■ WORK INSTRUCTION
In the response, the entries must appear exactly as supplied.

++++ MATERIAL FOR THIS EXERCISE

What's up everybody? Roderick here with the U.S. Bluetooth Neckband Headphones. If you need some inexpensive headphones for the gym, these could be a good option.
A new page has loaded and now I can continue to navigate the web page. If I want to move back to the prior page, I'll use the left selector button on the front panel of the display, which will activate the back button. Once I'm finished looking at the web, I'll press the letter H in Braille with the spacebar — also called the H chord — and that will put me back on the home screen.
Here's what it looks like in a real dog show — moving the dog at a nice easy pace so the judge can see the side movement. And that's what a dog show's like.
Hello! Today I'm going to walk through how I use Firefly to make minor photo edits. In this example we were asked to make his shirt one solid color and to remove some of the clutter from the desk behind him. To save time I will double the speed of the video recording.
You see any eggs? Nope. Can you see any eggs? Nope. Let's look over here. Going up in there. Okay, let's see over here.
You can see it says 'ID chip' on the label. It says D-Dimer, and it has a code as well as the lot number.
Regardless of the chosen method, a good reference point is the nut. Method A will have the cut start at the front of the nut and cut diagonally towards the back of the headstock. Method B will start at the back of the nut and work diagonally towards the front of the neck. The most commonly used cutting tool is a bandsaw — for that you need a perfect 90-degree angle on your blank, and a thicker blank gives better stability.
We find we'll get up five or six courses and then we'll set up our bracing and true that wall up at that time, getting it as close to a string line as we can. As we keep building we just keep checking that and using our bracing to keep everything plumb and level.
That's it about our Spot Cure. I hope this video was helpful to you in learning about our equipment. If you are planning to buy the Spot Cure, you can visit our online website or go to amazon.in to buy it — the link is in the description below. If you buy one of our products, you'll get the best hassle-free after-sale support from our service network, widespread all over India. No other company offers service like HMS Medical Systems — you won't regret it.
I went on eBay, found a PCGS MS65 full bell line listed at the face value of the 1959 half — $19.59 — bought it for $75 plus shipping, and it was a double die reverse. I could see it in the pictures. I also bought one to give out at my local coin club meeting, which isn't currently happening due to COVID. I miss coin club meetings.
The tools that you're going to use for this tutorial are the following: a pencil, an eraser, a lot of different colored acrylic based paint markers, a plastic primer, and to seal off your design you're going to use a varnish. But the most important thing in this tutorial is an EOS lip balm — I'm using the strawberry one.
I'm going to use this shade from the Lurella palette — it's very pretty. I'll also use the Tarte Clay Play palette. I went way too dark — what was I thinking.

++++++++

■ RESPONSE FOR THIS EXERCISE
What's up everybody? Roderick here with the U.S. Bluetooth Neckband Headphones. If you need some inexpensive headphones for the gym, these could be a good option.
A new page has loaded and now I can continue to navigate the web page. If I want to move back to the prior page, I'll use the left selector button on the front panel of the display, which will activate the back button. Once I'm finished looking at the web, I'll press the letter H in Braille with the spacebar — also called the H chord — and that will put me back on the home screen.
Here's what it looks like in a real dog show — moving the dog at a nice easy pace so the judge can see the side movement. And that's what a dog show's like.
Hello! Today I'm going to walk through how I use Firefly to make minor photo edits. In this example we were asked to make his shirt one solid color and to remove some of the clutter from the desk behind him. To save time I will double the speed of the video recording.
You see any eggs? Nope. Can you see any eggs? Nope. Let's look over here. Going up in there. Okay, let's see over here.
You can see it says 'ID chip' on the label. It says D-Dimer, and it has a code as well as the lot number.
Regardless of the chosen method, a good reference point is the nut. Method A will have the cut start at the front of the nut and cut diagonally towards the back of the headstock. Method B will start at the back of the nut and work diagonally towards the front of the neck. The most commonly used cutting tool is a bandsaw — for that you need a perfect 90-degree angle on your blank, and a thicker blank gives better stability.
We find we'll get up five or six courses and then we'll set up our bracing and true that wall up at that time, getting it as close to a string line as we can. As we keep building we just keep checking that and using our bracing to keep everything plumb and level.
That's it about our Spot Cure. I hope this video was helpful to you in learning about our equipment. If you are planning to buy the Spot Cure, you can visit our online website or go to amazon.in to buy it — the link is in the description below. If you buy one of our products, you'll get the best hassle-free after-sale support from our service network, widespread all over India. No other company offers service like HMS Medical Systems — you won't regret it.
I went on eBay, found a PCGS MS65 full bell line listed at the face value of the 1959 half — $19.59 — bought it for $75 plus shipping, and it was a double die reverse. I could see it in the pictures. I also bought one to give out at my local coin club meeting, which isn't currently happening due to COVID. I miss coin club meetings.
The tools that you're going to use for this tutorial are the following: a pencil, an eraser, a lot of different colored acrylic based paint markers, a plastic primer, and to seal off your design you're going to use a varnish. But the most important thing in this tutorial is an EOS lip balm — I'm using the strawberry one.
I'm going to use this shade from the Lurella palette — it's very pretty. I'll also use the Tarte Clay Play palette. I went way too dark — what was I thinking.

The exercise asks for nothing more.